(Scraped caption text data)
———

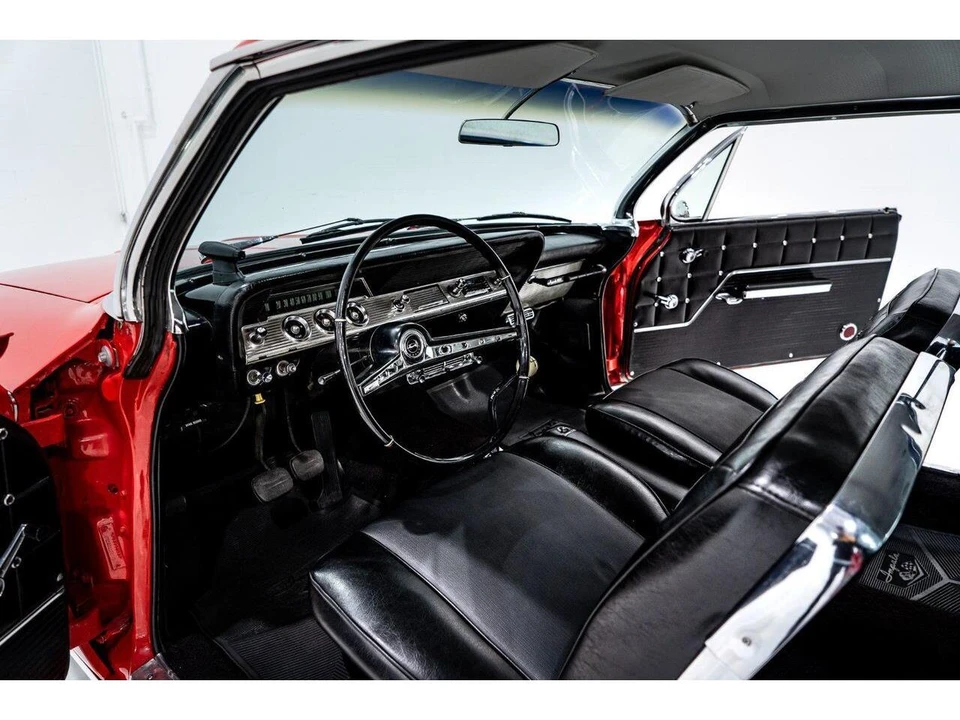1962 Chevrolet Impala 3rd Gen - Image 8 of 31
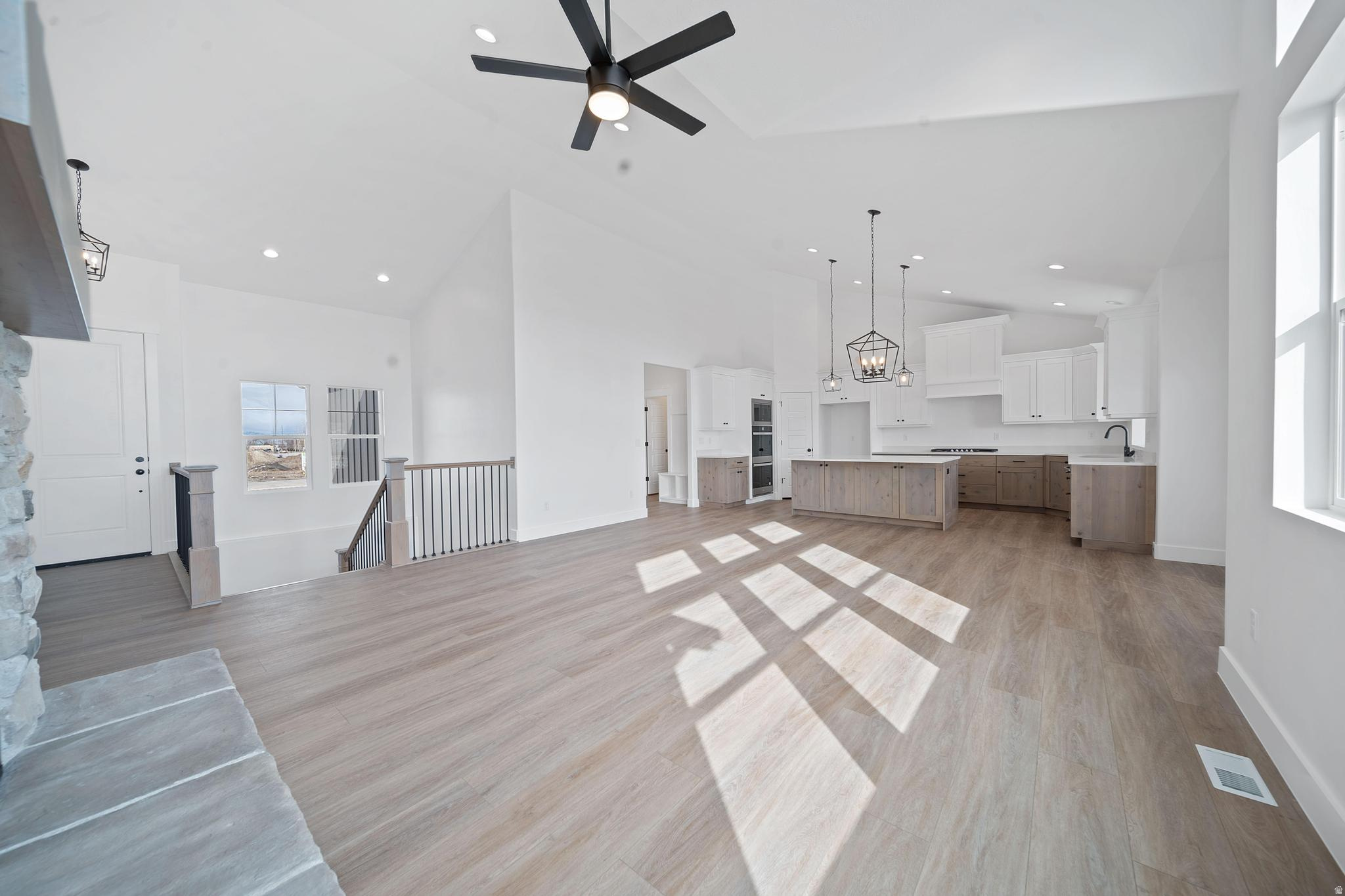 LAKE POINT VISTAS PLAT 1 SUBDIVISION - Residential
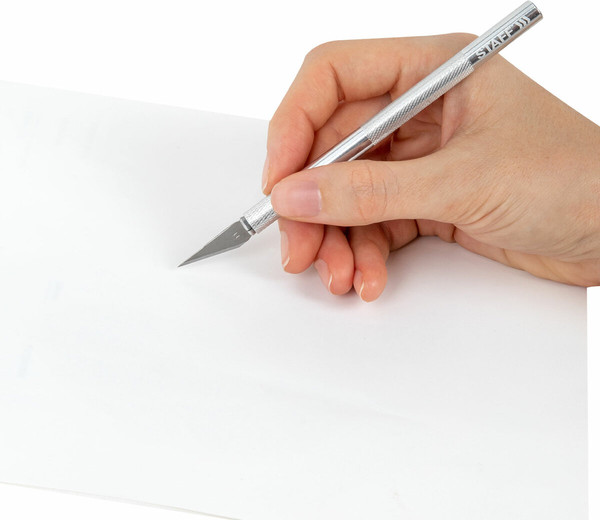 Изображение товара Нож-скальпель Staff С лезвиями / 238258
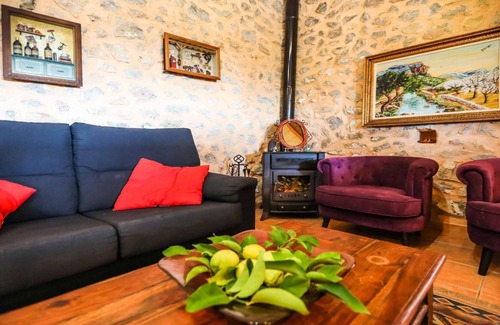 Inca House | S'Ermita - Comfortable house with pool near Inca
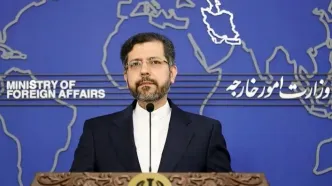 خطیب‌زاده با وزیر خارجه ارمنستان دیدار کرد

———

**YOUR INSTRUCTIONS**
Output all of the data above exactly; no pictures should appear.

**REPLY**
1962 Chevrolet Impala 3rd Gen - Image 8 of 31
 LAKE POINT VISTAS PLAT 1 SUBDIVISION - Residential
 Изображение товара Нож-скальпель Staff С лезвиями / 238258
 Inca House | S'Ermita - Comfortable house with pool near Inca
 خطیب‌زاده با وزیر خارجه ارمنستان دیدار کرد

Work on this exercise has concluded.